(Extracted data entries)
○ ○ ○ ○
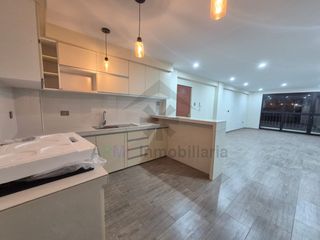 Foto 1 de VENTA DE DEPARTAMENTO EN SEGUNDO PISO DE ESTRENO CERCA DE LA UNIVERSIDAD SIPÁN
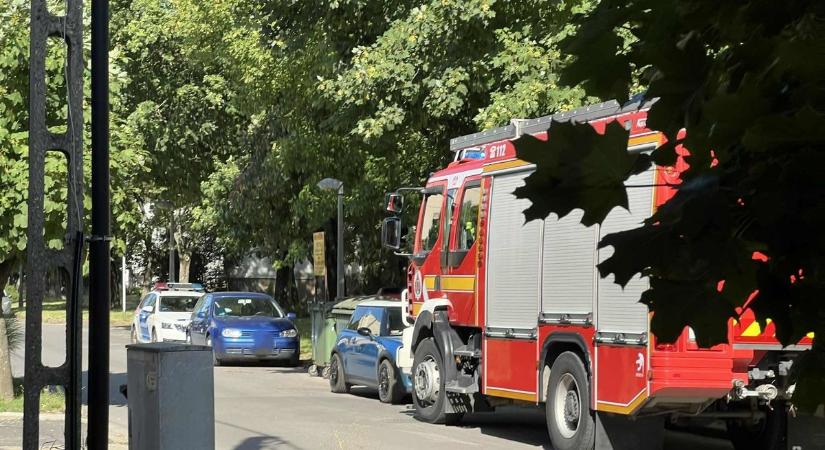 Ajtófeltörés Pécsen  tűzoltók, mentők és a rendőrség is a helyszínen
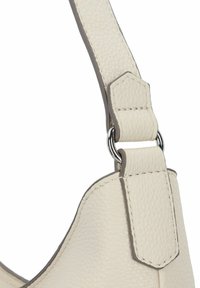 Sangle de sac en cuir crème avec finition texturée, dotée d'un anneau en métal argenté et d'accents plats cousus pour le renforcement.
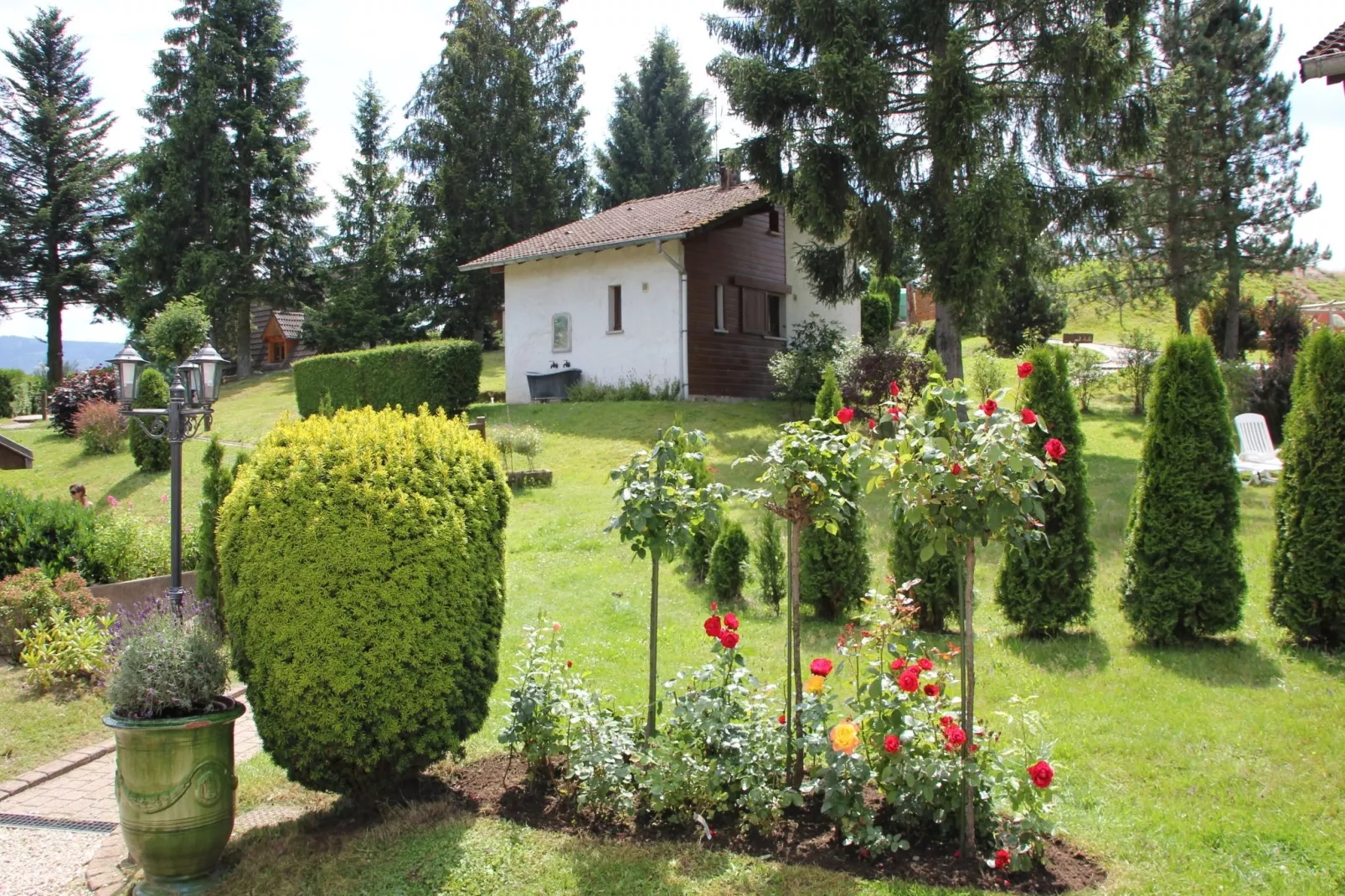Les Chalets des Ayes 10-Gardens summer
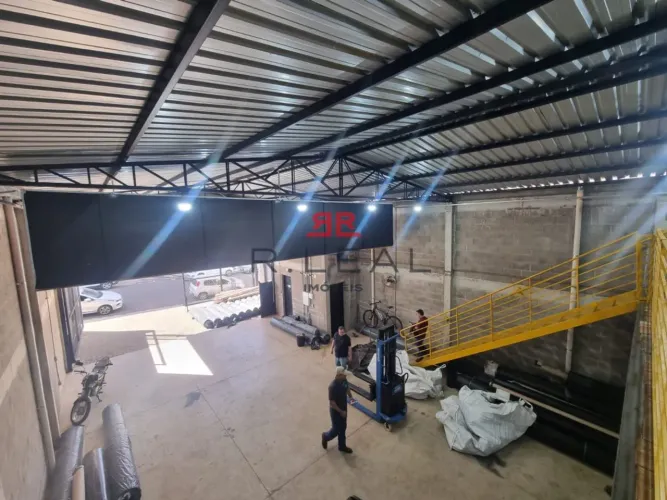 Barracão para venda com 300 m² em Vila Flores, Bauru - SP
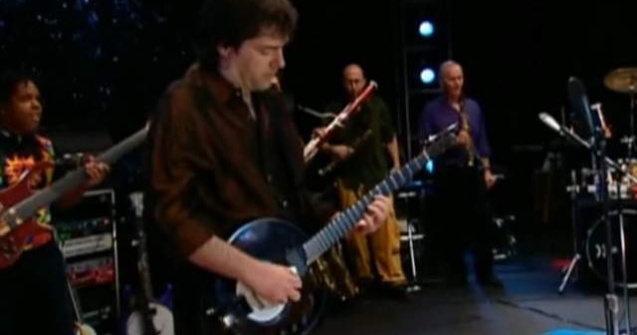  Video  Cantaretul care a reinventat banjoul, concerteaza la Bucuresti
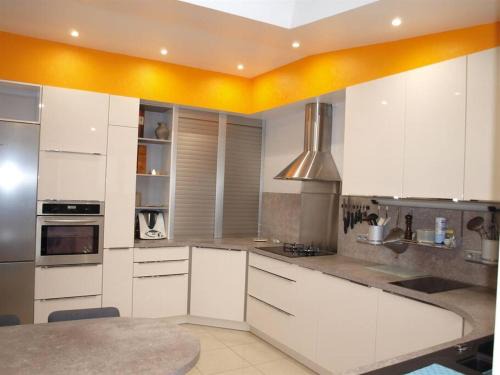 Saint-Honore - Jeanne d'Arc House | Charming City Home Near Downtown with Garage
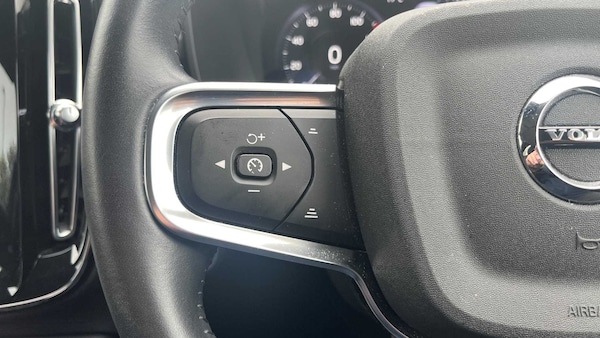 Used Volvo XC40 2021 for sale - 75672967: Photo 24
○ ○ ○ ○
- **WORK INSTRUCTIONS**
Leaving out every picture, transcribe exactly the lines from the line that contains "is a helyszínen" through the final line of the entries above.

- **OUTPUT FOR THIS TASK**
 Ajtófeltörés Pécsen  tűzoltók, mentők és a rendőrség is a helyszínen
 Sangle de sac en cuir crème avec finition texturée, dotée d'un anneau en métal argenté et d'accents plats cousus pour le renforcement.
Les Chalets des Ayes 10-Gardens summer
 Barracão para venda com 300 m² em Vila Flores, Bauru - SP
  Video  Cantaretul care a reinventat banjoul, concerteaza la Bucuresti
 Saint-Honore - Jeanne d'Arc House | Charming City Home Near Downtown with Garage
 Used Volvo XC40 2021 for sale - 75672967: Photo 24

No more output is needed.